Pero pasamos la mayor parte del tiempo hablando del presente más que del pasado. Me hizo todo tipo de preguntas sobre mi proceso de rehabilitación y lo que esperaba conseguir ahora que estaba prácticamente limpio. Le expliqué que todavía tenía que ir paso a paso, pero que, con un poco de suerte, estaría totalmente rehabilitado en cosa de un año. Algunas veces se limitaba a escuchar, algo que no siempre había hecho. Y lo mismo hacía yo. Creo que ambos aprendimos mucho el uno del otro, y no solo por el hecho de que, muy en el fondo, éramos muy parecidos, razón por la cual chocábamos tanto cuando yo era adolescente.

Durante esas largas charlas, le hablaba a menudo de Bob. Había traído una foto suya conmigo, y se la enseñaba a cualquiera que mostrara interés.

—Parece un chico listo —comentó mi madre sonriendo cuando se lo enseñé.

—Oh, lo es —contesté, lleno de orgullo—. No sé dónde estaría ahora de no haber sido por él.

Pasar ese tiempo en Australia fue genial. Me permitió aclarar mi mente. Pero también hacer balance de dónde estaba y a dónde quería llegar.

Una parte de mí quería volver a Tasmania. Aquí tenía familia. Y, sin lugar a dudas, un apoyo mucho mayor que en Londres. Pero no dejaba de pensar en Bob y en el hecho de que estaría tan perdido sin mí como yo lo estaba sin él. No llegué a plantearme la idea demasiado en serio. Para cuando empecé mi sexta semana en Australia, ya estaba mentalmente preparado para volar de vuelta a Inglaterra.

Esta vez me despedí de mi madre como Dios manda. Me acompañó hasta el aeropuerto y me dijo adiós cuando tuve que coger el avión a Melbourne, donde pasaría unos días con mis padrinos. Habían sido unas figuras muy importantes en mi juventud. En su día fueron propietarios de la que era la mayor compañía privada de telefonía de Australia, así como los primeros en fundar en el país una compañía de localizadores a través de la radio, ganando mucho dinero. De niño me encantaba pasar tiempo en la mansión que se habían construido en Melbourne. Incluso me quedé una temporada viviendo con ellos cuando mi madre y yo no nos llevábamos bien.

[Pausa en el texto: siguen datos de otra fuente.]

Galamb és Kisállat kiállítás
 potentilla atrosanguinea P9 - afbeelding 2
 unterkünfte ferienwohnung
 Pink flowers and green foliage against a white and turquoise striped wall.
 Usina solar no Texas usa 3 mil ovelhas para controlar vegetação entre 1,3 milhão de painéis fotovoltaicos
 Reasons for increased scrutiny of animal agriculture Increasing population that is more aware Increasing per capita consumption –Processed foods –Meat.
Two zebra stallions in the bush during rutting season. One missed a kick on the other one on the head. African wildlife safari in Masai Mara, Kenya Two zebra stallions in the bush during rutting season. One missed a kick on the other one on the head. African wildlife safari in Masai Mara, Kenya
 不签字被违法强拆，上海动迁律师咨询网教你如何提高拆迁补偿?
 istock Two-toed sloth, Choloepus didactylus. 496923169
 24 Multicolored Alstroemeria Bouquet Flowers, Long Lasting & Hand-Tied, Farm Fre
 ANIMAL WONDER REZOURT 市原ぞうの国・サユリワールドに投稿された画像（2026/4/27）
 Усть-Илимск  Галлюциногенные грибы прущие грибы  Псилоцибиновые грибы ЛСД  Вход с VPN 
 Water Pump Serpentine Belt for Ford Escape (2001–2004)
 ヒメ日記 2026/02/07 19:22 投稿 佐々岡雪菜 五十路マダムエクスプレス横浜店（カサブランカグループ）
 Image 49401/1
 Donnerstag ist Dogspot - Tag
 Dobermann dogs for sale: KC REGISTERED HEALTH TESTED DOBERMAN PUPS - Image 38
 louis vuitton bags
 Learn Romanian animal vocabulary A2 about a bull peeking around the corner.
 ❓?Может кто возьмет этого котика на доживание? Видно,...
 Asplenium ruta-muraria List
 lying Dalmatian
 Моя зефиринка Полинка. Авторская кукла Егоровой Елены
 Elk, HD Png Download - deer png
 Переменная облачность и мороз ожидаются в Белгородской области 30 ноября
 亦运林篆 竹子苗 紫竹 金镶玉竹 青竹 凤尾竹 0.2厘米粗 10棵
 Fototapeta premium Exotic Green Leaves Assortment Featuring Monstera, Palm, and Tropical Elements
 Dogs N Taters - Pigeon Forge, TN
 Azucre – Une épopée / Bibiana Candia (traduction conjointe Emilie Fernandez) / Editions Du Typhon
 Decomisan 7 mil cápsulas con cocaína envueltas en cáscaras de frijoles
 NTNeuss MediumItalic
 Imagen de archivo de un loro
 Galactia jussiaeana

Su reacción cuando les conté mi historia fue la misma que la de mi madre: se quedaron estupefactos.

Se ofrecieron a ayudarme económicamente e incluso a buscarme un empleo en Australia. Pero, una vez más, tuve que explicar que tenía responsabilidades en Londres.

El viaje de vuelta fue mucho menos accidentado que la ida. Me sentía mucho mejor, más sano y fuerte y probablemente mi aspecto también lo reflejaba, porque no llamé la atención ni en la aduana ni en el control de inmigración. Estaba tan restablecido y reanimado por mi estancia en Australia que dormí durante la mayor parte del viaje.

Me moría de ganas por volver a ver de nuevo a Bob, aunque una parte de mí estaba preocupada por si hubiera cambiado o me hubiese olvidado. Pero la verdad es que me lo podía haber ahorrado.

En cuanto entré en el apartamento de Belle, Bob irguió su cola, saltó del sofá y vino corriendo hacia mí. Le había traído algunos pequeños regalos, en concreto un par de canguros de peluche para que jugase. Pronto estaba clavando las garras en uno de ellos. Esa tarde, cuando volvíamos a casa, trepó rápidamente por mi brazo hasta encaramarse en el hombro, como de costumbre. En un instante, el viaje tanto físico como emocional que había realizado hasta el otro lado del mundo quedó olvidado. Una vez más, solo estábamos Bob y yo contra el mundo. Era como si nunca me hubiese ausentado.